Mastering Linux Security and Hardening
上QQ阅读APP看书,第一时间看更新

Adding users to a predefined admin group

The first method, which is the simplest, is to add users to a predefined administrators group and then, if it hasn't already been done, to configure the sudo policy to allow that group to do its job. It's simple enough to do except that different Linux distribution families use different admin groups.

On Unix, BSD, and most Linux systems, you would add users to the wheel group. (Members of the Red Hat family, including CentOS, fall into this category.) When I do the groups command on either of my CentOS machines, I get this:

[donnie@localhost ~]$ groups
donnie wheel
[donnie@localhost ~]$

This shows that I'm a member of the wheel group. By doing sudo visudo, I'll open the sudo policy file. Scrolling down, we'll see the line that gives the wheel group its awesome power:

## Allows people in group wheel to run all commands
%wheel ALL=(ALL) ALL

The percent sign indicates that we're working with a group. The three appearances of ALL means that members of that group can perform any command, as any user, on any machine in the network on which this policy is deployed. The only slight catch is that group members will be prompted to enter their own normal user account passwords in order to perform a sudo task. Scroll down a bit more and you'll see the following:

## Same thing without a password
# %wheel ALL=(ALL) NOPASSWD: ALL

If we were to comment out the %wheel line in the former snippet and remove the comment symbol from in front of the %wheel line in this snippet, then members of the wheel group would be able to perform all of their sudo tasks without ever having to enter any password. That's something that I really don't recommend, even for home use. In a business setting, allowing people to have password-less sudo privileges is a definite no-no.


To add an existing user to the wheel group, use usermod with the -G option. You might also want to use the -a option, in order to prevent removing the user from other groups to which he or she belongs. For our example, let's add Maggie:

sudo usermod -a -G wheel maggie

You can also add a user account to the wheel group as you create it. Let's do that now for Frank:

sudo useradd -G wheel frank
Note that, with my usage of useradd, I'm assuming that we're working with a member of the Red Hat family, which comes with predefined default settings to create user accounts. For non-Red Hat-type distributions that use the wheel group, you'd need to either reconfigure the default settings or use extra option switches in order to create the user's home directory and to assign the correct shell. Your command then would look something like this:

sudo useradd -G wheel -m -d /home/frank -s /bin/bash frank

For members of the Debian family, including Ubuntu, the procedure is the same, except that you would use the sudo group instead of the wheel group. (This kind of figures, considering that the Debian folk have pretty much always marched to the beat of a different drum.)
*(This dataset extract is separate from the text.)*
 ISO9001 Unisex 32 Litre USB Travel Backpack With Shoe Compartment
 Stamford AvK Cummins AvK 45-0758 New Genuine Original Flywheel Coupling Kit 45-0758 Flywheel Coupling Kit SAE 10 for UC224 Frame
One way in which this technique would come in handy is whenever you need to create a virtual private server on a cloud service, such as Rackspace, DigitalOcean, or Vultr. When you log in to one of those services and initially create your virtual machine, the cloud service will have you log in to that virtual machine as the root user. (This even happens with Ubuntu, even though the root user account is disabled whenever you do a local installation of Ubuntu.)

The first thing that you'll want to do in this scenario is to create a normal user account for yourself and give it full sudo privileges. Then, log out of the root account and log back in with your normal user account. You'll then want to disable the root account with this command:

sudo passwd -l root

You'll also want to do some additional configuration to lock down Secure Shell access, but we'll cover that in Chapter 6, SSH Hardening.